| Work request |
Transcribe exactly everything in the data below from the line containing "14KW Gold Princess" down to the line containing "ENGLISH FACTORY - English", both lines included and nothing further.

| Records for the exercise |
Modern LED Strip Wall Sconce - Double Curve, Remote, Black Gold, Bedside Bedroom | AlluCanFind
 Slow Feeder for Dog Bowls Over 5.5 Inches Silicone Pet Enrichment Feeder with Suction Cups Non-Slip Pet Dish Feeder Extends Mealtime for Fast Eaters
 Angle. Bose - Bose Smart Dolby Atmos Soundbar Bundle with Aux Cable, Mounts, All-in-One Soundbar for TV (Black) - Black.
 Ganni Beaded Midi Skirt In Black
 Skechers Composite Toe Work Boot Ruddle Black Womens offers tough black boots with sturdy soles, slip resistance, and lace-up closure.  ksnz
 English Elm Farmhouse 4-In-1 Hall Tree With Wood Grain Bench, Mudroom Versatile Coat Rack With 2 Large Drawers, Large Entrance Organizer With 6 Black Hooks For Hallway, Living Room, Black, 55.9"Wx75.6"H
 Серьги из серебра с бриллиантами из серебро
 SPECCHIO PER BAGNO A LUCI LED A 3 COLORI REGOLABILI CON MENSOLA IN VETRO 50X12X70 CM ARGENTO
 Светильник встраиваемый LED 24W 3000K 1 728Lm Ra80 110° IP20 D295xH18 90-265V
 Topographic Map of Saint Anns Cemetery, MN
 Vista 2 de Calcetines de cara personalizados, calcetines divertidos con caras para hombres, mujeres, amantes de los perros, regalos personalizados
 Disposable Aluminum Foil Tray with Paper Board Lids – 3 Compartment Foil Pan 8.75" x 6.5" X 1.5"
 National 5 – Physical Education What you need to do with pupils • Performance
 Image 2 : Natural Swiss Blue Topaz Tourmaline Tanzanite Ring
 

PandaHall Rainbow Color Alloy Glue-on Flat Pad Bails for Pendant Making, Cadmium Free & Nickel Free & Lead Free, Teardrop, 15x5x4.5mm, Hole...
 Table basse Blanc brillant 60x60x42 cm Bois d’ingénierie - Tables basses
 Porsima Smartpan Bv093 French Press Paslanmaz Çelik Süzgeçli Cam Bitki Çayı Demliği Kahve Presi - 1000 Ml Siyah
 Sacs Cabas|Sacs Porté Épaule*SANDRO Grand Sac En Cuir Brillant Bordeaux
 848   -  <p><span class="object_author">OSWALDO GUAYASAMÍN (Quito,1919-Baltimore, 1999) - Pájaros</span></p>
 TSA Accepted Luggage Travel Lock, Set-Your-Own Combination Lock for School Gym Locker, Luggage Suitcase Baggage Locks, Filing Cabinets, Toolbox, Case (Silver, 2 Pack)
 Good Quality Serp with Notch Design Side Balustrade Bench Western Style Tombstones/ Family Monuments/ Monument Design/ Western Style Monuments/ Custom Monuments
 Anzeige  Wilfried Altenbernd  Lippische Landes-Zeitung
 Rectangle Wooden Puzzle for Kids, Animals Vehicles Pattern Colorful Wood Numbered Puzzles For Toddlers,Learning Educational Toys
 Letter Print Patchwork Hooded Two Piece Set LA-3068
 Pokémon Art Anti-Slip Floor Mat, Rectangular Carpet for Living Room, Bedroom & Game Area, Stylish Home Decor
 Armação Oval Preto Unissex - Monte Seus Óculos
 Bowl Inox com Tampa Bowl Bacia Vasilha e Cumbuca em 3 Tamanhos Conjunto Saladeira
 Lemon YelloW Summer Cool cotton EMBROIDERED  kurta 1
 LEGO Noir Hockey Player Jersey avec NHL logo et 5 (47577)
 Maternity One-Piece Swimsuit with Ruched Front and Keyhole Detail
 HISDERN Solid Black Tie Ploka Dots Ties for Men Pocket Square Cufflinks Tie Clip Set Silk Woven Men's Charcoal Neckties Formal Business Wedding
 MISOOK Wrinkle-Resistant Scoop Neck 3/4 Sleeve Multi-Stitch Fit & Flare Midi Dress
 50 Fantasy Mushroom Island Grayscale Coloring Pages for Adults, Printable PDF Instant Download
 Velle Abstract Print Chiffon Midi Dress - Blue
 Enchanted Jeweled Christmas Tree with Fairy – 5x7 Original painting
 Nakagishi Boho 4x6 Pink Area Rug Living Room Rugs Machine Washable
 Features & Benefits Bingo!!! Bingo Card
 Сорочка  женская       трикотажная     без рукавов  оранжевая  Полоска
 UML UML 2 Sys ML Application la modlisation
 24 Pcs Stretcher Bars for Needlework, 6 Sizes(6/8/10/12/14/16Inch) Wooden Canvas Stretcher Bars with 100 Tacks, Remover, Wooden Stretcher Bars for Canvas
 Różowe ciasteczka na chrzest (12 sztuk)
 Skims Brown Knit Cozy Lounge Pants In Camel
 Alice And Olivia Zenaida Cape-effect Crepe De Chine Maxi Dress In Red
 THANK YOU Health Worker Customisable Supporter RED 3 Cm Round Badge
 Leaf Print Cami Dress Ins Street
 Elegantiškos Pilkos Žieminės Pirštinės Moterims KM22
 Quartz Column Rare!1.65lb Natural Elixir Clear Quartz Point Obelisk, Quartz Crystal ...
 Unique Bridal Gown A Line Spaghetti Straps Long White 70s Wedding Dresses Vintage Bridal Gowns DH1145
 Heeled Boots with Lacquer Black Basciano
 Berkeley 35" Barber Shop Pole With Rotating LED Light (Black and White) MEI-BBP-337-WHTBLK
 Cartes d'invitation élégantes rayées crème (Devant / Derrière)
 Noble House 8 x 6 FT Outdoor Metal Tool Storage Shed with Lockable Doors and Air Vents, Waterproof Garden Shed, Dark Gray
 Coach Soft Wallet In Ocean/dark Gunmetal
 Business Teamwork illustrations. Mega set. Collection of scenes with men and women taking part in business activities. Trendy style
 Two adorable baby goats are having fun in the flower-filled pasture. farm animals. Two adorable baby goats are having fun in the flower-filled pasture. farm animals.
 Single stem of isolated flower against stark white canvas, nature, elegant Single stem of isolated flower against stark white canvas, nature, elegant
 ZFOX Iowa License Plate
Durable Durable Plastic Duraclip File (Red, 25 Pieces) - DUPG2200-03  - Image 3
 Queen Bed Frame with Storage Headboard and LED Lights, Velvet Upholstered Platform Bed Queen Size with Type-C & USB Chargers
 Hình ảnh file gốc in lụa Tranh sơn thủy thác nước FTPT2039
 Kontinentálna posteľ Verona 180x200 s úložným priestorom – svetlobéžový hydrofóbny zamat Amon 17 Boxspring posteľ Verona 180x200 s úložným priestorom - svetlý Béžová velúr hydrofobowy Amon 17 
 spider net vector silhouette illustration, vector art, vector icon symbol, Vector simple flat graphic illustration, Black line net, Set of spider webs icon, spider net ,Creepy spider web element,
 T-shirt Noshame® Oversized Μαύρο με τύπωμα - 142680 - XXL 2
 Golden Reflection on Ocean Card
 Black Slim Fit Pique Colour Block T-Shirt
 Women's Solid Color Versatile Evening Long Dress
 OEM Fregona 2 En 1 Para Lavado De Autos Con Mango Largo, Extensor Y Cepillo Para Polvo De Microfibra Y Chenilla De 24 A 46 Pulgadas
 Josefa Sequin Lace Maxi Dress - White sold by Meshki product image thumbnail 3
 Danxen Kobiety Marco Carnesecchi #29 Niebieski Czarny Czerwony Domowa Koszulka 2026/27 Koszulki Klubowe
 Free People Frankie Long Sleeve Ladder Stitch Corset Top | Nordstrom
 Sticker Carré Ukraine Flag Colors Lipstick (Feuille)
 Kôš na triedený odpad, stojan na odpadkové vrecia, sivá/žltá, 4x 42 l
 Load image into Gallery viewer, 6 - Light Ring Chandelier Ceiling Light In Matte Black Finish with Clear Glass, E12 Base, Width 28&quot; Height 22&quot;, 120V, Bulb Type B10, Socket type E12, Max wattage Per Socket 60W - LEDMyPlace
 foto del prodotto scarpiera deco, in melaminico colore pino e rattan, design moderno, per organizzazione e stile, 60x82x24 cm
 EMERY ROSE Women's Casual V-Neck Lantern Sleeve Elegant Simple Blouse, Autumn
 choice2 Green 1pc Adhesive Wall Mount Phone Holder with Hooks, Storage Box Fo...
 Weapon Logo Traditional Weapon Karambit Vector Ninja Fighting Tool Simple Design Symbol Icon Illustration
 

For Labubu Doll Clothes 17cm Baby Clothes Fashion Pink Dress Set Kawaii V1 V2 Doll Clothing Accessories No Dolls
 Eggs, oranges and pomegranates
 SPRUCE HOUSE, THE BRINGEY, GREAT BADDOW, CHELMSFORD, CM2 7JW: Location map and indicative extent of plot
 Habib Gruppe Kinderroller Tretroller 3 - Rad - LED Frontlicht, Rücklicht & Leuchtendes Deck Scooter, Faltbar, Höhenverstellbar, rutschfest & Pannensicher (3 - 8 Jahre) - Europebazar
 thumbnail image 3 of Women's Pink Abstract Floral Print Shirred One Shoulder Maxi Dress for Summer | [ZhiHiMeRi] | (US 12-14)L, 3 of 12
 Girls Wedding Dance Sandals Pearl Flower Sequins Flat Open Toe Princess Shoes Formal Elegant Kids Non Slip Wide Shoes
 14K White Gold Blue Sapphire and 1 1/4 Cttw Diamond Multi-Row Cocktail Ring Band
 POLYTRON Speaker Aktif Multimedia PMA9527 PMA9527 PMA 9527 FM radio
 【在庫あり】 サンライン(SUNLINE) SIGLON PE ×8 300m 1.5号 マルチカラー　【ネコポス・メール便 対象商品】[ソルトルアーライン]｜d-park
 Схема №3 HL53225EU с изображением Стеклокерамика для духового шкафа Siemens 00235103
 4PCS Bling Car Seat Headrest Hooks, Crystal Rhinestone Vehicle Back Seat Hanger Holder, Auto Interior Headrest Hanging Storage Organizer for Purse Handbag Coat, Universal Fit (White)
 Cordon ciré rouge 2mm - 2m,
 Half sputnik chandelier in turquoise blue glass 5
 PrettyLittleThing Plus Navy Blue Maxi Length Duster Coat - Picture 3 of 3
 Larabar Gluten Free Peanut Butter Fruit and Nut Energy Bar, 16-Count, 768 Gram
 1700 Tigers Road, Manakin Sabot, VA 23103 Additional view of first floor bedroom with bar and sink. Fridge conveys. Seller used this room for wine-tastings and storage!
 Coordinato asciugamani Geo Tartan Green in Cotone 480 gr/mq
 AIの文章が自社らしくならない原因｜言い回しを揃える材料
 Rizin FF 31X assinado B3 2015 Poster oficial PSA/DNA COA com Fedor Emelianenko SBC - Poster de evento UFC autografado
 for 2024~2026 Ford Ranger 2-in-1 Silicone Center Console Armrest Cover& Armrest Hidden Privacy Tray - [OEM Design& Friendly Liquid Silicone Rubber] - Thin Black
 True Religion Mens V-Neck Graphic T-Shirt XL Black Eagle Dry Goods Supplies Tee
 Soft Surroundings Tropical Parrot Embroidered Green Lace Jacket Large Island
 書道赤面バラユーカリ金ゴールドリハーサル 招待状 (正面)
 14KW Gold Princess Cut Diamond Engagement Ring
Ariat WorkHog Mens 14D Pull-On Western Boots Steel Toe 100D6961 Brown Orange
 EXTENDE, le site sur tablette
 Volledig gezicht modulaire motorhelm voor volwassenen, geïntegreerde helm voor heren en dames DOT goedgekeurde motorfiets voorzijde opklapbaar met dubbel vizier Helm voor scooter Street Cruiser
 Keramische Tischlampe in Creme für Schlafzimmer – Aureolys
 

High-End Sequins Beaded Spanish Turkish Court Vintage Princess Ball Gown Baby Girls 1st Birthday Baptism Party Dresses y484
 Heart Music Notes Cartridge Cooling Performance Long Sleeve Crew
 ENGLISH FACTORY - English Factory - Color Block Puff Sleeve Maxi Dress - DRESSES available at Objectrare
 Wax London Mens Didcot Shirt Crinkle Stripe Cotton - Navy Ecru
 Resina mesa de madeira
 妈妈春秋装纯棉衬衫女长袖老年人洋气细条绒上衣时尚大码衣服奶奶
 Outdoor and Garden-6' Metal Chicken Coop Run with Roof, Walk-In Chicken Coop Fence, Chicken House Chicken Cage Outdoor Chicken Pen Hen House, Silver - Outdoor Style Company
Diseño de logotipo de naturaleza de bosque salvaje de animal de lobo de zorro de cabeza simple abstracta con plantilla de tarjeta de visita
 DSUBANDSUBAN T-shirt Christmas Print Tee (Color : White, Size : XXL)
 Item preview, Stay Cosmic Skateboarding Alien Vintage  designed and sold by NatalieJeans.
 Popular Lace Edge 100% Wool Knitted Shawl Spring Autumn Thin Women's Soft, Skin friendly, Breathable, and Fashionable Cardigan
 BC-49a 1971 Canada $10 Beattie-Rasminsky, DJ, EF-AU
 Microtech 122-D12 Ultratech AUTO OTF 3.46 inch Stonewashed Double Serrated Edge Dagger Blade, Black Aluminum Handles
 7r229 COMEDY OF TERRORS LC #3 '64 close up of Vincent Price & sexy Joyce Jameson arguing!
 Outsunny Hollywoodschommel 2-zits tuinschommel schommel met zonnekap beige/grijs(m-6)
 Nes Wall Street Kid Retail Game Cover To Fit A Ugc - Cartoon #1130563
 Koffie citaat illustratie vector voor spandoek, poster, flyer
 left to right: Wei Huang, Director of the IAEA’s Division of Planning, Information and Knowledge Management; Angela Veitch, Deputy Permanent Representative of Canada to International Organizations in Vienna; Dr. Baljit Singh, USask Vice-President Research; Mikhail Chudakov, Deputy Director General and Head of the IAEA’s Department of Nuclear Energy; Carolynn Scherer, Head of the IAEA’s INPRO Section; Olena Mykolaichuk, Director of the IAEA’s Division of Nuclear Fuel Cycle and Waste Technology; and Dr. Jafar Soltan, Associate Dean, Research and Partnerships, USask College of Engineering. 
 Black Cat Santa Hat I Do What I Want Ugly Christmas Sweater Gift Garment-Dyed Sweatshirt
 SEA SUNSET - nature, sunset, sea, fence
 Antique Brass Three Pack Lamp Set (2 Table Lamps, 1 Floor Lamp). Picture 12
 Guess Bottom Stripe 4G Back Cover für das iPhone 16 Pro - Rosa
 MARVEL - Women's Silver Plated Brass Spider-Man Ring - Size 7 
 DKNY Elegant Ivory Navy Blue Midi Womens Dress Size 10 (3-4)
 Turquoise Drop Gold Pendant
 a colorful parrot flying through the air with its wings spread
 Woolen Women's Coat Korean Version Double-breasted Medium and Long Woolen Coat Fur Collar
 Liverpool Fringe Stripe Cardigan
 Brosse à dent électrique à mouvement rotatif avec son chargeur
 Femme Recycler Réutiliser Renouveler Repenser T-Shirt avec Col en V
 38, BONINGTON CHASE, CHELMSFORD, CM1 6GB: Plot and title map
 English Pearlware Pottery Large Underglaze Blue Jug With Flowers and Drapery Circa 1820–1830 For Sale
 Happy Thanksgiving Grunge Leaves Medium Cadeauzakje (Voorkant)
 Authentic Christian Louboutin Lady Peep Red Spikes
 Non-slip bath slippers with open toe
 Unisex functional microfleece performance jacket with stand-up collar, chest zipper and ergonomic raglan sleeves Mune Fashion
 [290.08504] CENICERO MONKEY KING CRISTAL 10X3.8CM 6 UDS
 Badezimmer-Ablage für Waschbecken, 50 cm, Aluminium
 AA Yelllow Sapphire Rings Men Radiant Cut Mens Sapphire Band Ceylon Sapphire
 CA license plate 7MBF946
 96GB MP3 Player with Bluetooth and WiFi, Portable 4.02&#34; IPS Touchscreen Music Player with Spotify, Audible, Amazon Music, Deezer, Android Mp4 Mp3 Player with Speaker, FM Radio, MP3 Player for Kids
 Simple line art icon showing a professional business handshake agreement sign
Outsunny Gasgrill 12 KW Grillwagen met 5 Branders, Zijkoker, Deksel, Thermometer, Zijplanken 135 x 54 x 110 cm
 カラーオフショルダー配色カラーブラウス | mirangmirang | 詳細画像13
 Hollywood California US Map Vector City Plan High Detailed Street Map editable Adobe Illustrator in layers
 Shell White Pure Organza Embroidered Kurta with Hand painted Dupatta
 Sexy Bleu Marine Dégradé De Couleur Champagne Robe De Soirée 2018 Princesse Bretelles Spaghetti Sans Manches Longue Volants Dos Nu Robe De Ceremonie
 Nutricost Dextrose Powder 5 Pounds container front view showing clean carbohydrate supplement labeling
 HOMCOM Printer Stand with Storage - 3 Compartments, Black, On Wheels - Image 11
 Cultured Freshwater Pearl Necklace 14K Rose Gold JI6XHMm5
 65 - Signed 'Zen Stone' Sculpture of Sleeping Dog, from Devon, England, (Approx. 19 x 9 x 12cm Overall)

| Solution to this problem |
 14KW Gold Princess Cut Diamond Engagement Ring
Ariat WorkHog Mens 14D Pull-On Western Boots Steel Toe 100D6961 Brown Orange
 EXTENDE, le site sur tablette
 Volledig gezicht modulaire motorhelm voor volwassenen, geïntegreerde helm voor heren en dames DOT goedgekeurde motorfiets voorzijde opklapbaar met dubbel vizier Helm voor scooter Street Cruiser
 Keramische Tischlampe in Creme für Schlafzimmer – Aureolys
 

High-End Sequins Beaded Spanish Turkish Court Vintage Princess Ball Gown Baby Girls 1st Birthday Baptism Party Dresses y484
 Heart Music Notes Cartridge Cooling Performance Long Sleeve Crew
 ENGLISH FACTORY - English Factory - Color Block Puff Sleeve Maxi Dress - DRESSES available at Objectrare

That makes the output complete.